Uncomfortable and ill at ease because of Dabney, Agnes thought. If Dabney had been in London, CJ would have come.

He said, “I’d like you to come to New York this weekend.”

“No,” she said. “I can’t.”

“Why not?” he said.

She had tried to come up with a reason. She could go to New York, but she didn’t want to. CJ would be on the phone all weekend anyway, negotiating the never-ending Bantam Killjoy deal. BK had been drafted by the Jaguars, but he was unhappy; he wanted to be out West. CJ was trying to get him to Kansas City or San Diego. Or at least that was what Agnes thought was happening; she had sort of lost track.

“I’m on Nantucket, CJ,” she said. “I’d like to go to the beach. Enjoy summer.”

“We can enjoy summer in the city,” he said. “We can walk in Central Park and put our feet in the fountain. We can go to a Yanks game. We can get reservations at any restaurant in the city. You want me to book at Le Bernadin? Minetta Tavern?”

“Um…” she said. “Maybe next weekend?”

“It doesn’t even sound like you want to see me,” CJ said.

“I do,” Agnes said. She had then sung out a chorus of apologies that she didn’t quite mean.

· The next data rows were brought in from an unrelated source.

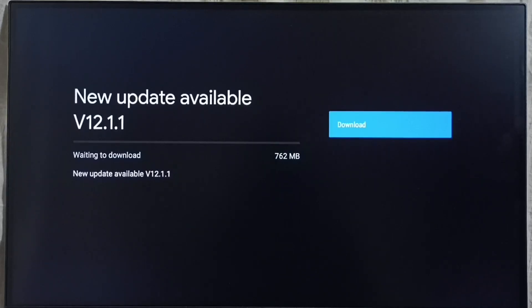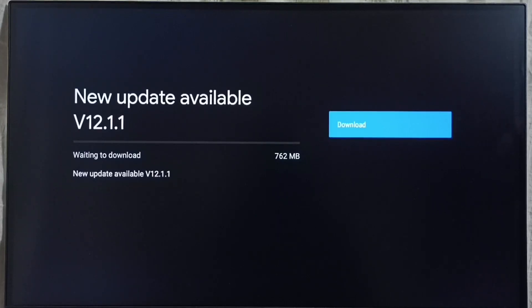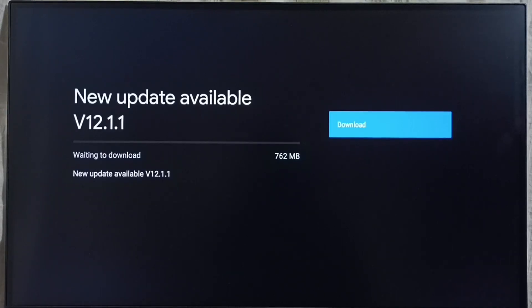If you are not able to see this update in your TV that means company is not yet released this update for your TV model. Hence you have to wait. You have to keep checking this. Once this is available then you would be able to download and install this update into your TV.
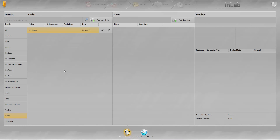Welcome to this tutorial on InLab Software 15. In this video, you will learn how to import scan data to the software as an STL file. You will also see how to design a bridge using these data.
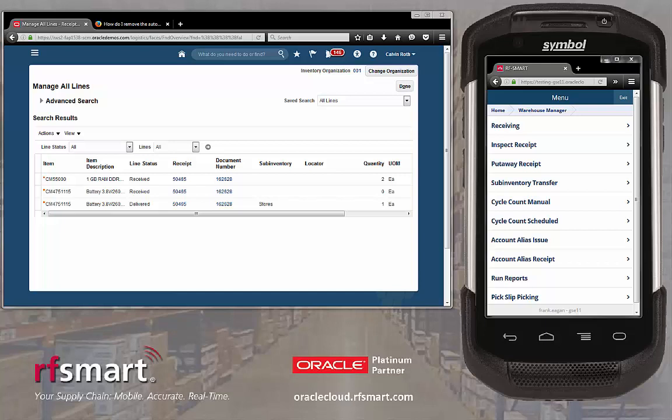This is a demonstration of RFSmart for Oracle Cloud. In this demonstration, I will show you how to perform a put-away receipt using RFSmart. The put-away receipt transaction is used to put away items that were received using the standard receipt routing option on a purchase order. On the screen, you are seeing an RFSmart scanning device on the right and a receipt in Oracle Cloud on the left.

At the turnoff for Quidnet Road, Agnes gathered her campers. There were some fun personalities here-Archie, Samantha, Bronwyn, and Jamey (boy) and Jamie (girl). But everyone was hot and thirsty, the water bottles were down to the last inches, and the kids were eager for a swim and lunch.

Agnes gave the final directions-slight left onto Quidnet Road, half a mile to the pond, lock up, head to the beach, stay together, no one in the water until Agnes blew the whistle-and they all waited for Dalton to catch up. He was forty yards back, ChapStick break.

Just then, Agnes’s attention was snared by the sight of the Impala barreling up the Polpis Road. Her mother, sunglasses on, was at the wheel, singing. Agnes caught the strains of the Rolling Stones’ “Hang Fire.”

Agnes waved. She shouted, “Mom! Mom!” But the Impala cruised past; Dabney was too intent on where she was going to notice her only child.